If you haven’t heard the buzzword “cloud” recently, you’ve been living under a rock. Cloud computing is the new hot trend in the IT world and usually refers to a hardware or software service that is delivered through a network connection. The cloud is an abstraction of the complex infrastructure cloud computing can often have. The point is to remove the burden from your own hardware and software. However, as cloud computing gained traction and media attention, a marketing trick called “cloud washing” came to be.
Since the definition of the cloud can be – pardon the pun – foggy, many vendors simply rebrand their existing products or services with “cloud” to jump on the media bandwagon. The spirit of the cloud is to provide software as a service and shift some of the management burden and updating off the customer. A recent poll of business people in the UK found that 22 percent of them felt their cloud service providers were too rigid and inflexible — the first sign of cloud washing.

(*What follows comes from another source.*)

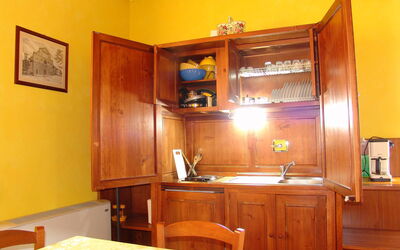 Accommodatie:&nbsp;Ground Floor Apartment N.1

According to InformationWeek’s editor-at-large, Charles Babcock:
“To actually be part of the cloud requires systems that run on a simplified data center architecture, operated largely by automated policies, not human hands. The architecture allows end users to self-provision their own servers, and has a billing mechanism that allows the supplier to charge only for the resource used, not the lifetime software license cost.”
If choice and control are not given to the end user, it’s more than likely that it isn’t real cloud computing.